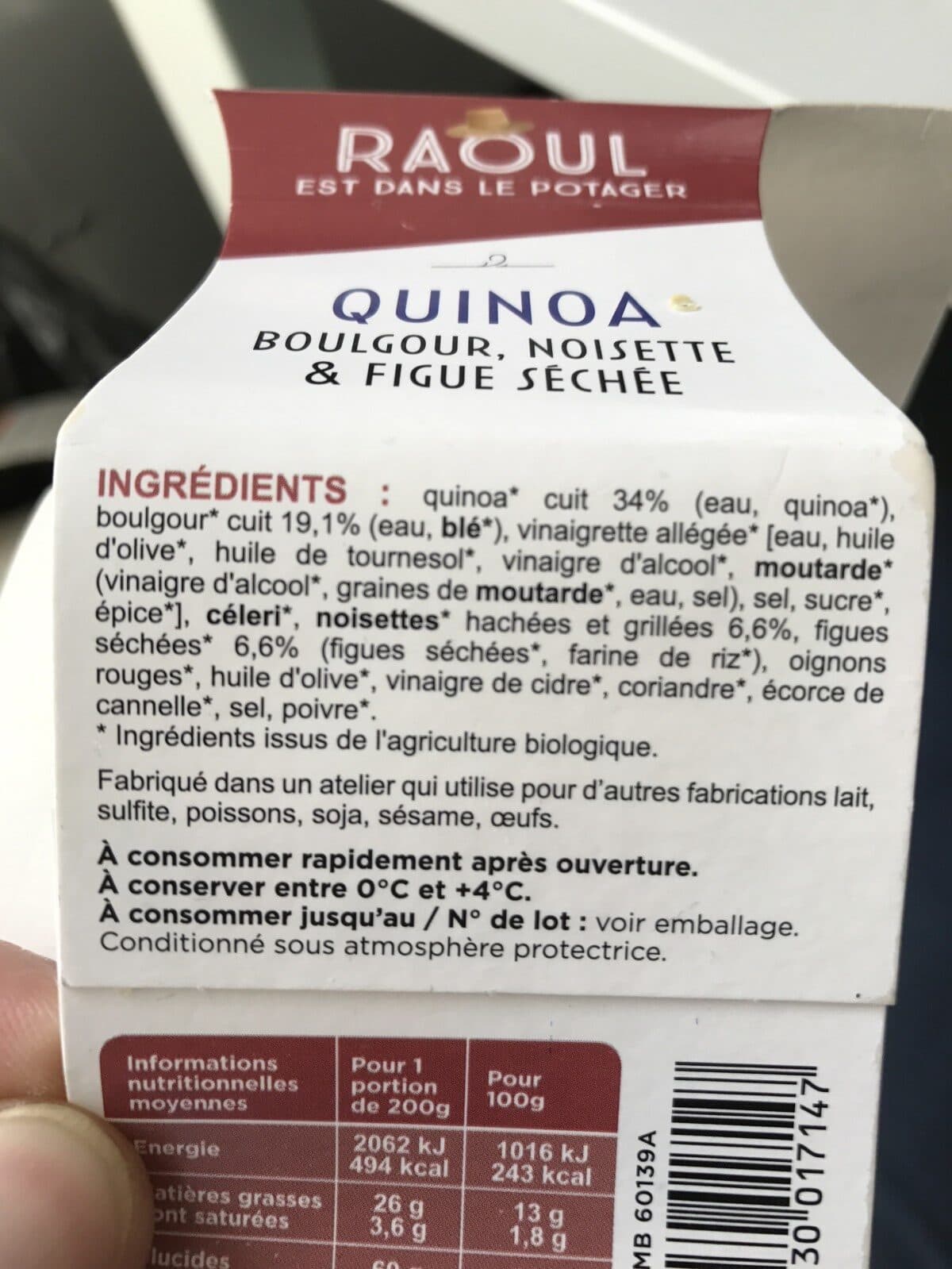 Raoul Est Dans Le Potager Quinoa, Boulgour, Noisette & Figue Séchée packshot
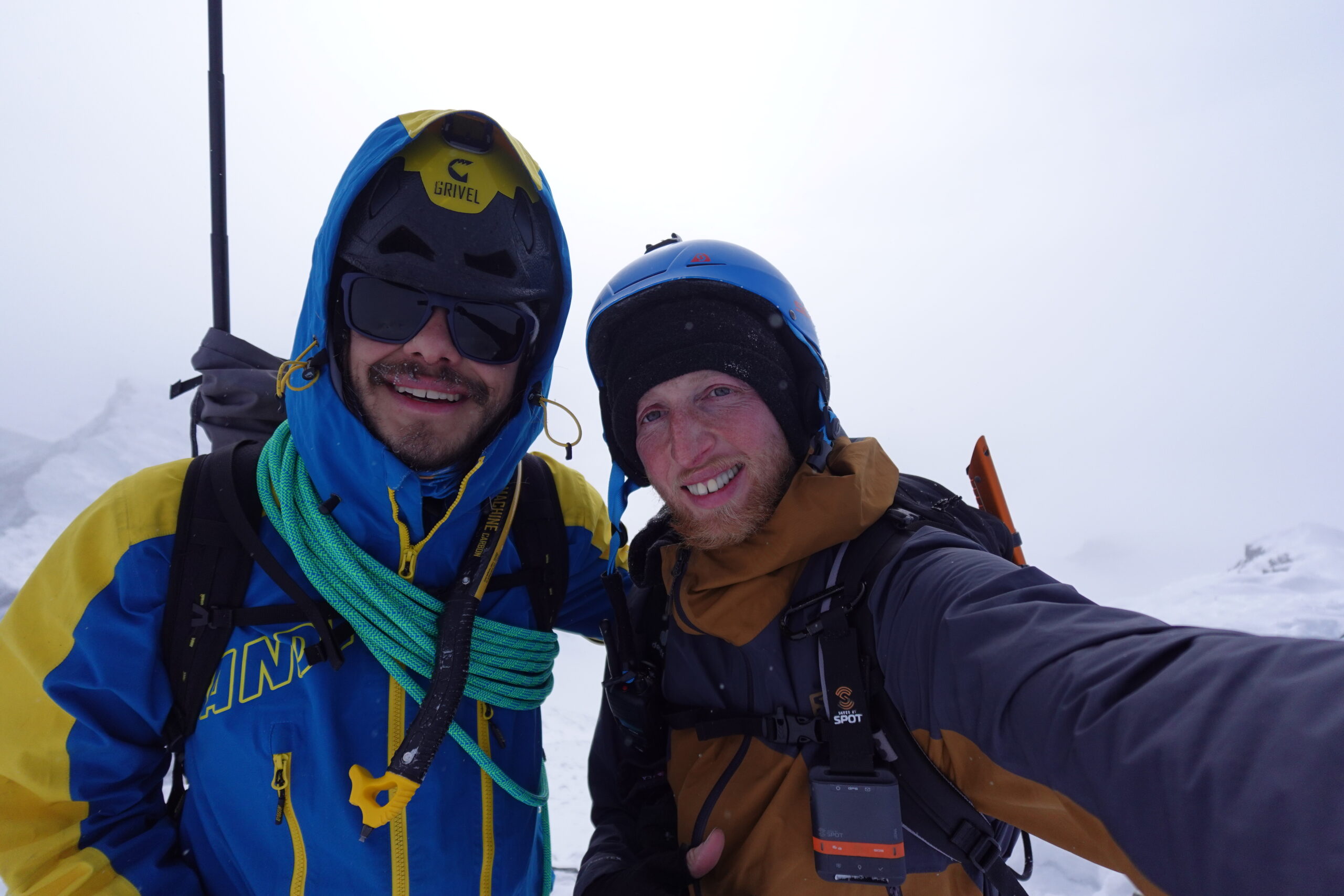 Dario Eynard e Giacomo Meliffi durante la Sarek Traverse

==

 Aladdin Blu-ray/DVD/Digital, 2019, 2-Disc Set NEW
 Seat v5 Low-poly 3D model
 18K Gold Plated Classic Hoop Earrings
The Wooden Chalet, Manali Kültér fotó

— EXERCISE —
Would you output, from the records above, exactly the run of lines that starts at the line containing "18K Gold Plated Classic Hoop Earrings" and ends at the line containing "The Wooden Chalet, Manali Kültér fotó", and only that run?

— TASK OUTPUT —
 18K Gold Plated Classic Hoop Earrings
The Wooden Chalet, Manali Kültér fotó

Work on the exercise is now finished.